Espere... Quer dizer que estavam lutando esse tempo todo? Até agora?
“Agora, tenho um favor para lhe pedir.” disse Xellos, virando-se para o dragão dourado.
“Temos um pequeno assunto para discutir com o seu líder...”
“O que é?”
“Ah, deixe-me ver... Gostaria de reservar essa informação para o dragão mais antigo possível. Milgazia está bem?”
“O ancião? Você conhece o ancião?”
“Ah... Pode-se dizer que somos velhos conhecidos. Se contar a ele que Xellos está aqui, tenho certeza de que entenderá.”
“Hmm... Quem é você?” perguntou o dragão dourado, talvez percebendo que Xellos não era humano.
“Isto é...” disse Xellos, pressionando um dedo contra os lábios. “Um segredo.”
Ah, seu ataque secreto!
O dragão dourado pareceu confuso por um momento antes de enfim ceder.
“Muito bem. Vou repassar seu pedido ao ancião. Espere aqui.”
O dragão então abriu as asas outra vez e voou em direção ao cume.
“Você conhece um dragão figurão?” perguntou Gourry.
Xellos respondeu com um sorriso radiante.
“Bom, nos conhecemos há muito tempo. Ele é bastante resoluto.”

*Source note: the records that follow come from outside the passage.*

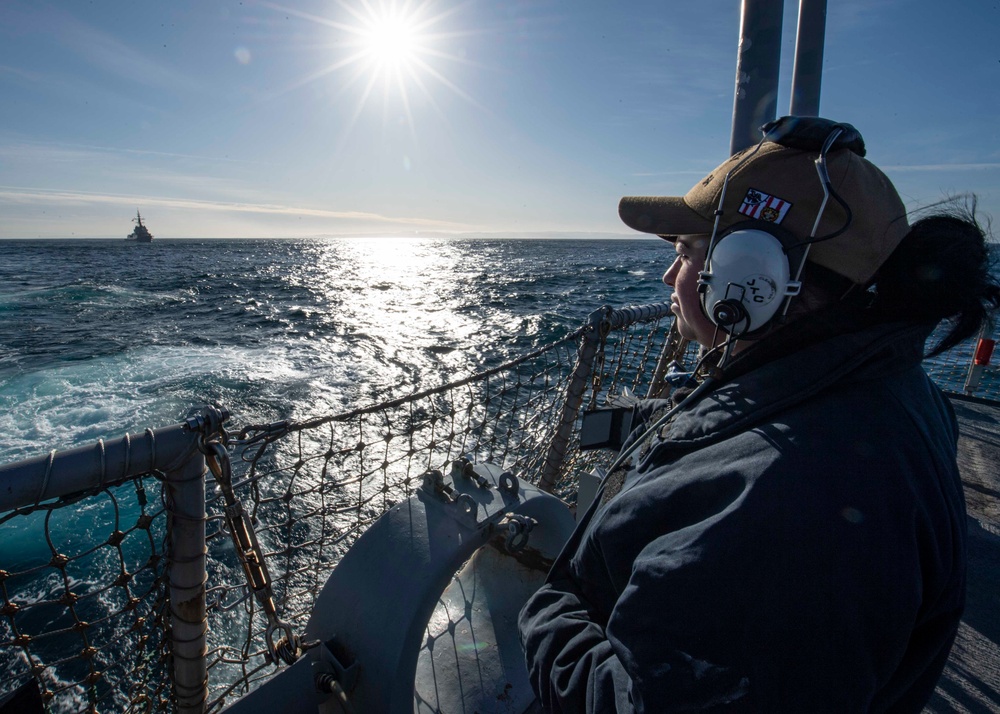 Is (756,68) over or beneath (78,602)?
over

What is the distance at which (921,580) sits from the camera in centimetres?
71

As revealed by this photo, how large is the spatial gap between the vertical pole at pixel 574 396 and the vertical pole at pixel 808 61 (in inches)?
66.9

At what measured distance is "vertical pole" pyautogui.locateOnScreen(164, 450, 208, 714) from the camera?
52.8 inches

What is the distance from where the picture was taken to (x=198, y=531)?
139 cm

“Wow. Vejo que tem amigos em posições importantes, hein?”
“Apesar da minha aparência, vivi muito tempo.”
“Diga, qual a sua idade?”
“Hahaha. Ora, ora, Mestre Gourry, não se deve perguntar a idade de uma dama.”
E desde quando você é uma dama?
A conversa absurda continuou por um tempo, Xellos desviando de nossas perguntas a cada momento, quando de repente...
Whoosh! Whoosh! O ar ao nosso redor se tornou agitado. Olhei para cima e congelei com a visão.
O céu acima de nós estava manchado de dourado e preto. Centenas, milhares de dragões dourados e negros voavam acima, se debatendo.
Em pouco tempo, um deles desceu em nossa direção. Era grande, significativamente mais longo do que aquele com quem havíamos conversado antes, e tinha pelo menos o dobro do seu volume. Devia ter mil anos, ou talvez muitos milhares...
E, por fim, pousou... Não na nossa frente, e sim na frente de Xellos. Seus olhos ardiam com um desdém cauteloso. Parecia saber exatamente o que Xellos era.
“Faz um bom tempo, não é, Mestre Milgazia?” cumprimentou o mazoku, alegremente.
“Sim, de fato!” respondeu o dragão dourado com desprezo. “Porém certamente não o suficiente para o meu gosto... Desde a Guerra da Encarnação, não é, Sacerdote Xellos?”
Notas:
1. A expressão ‘elefante branco’ refere-se a algo valioso, mas que gera mais problemas do que benefícios devido ao seu custo de manutenção ou uso.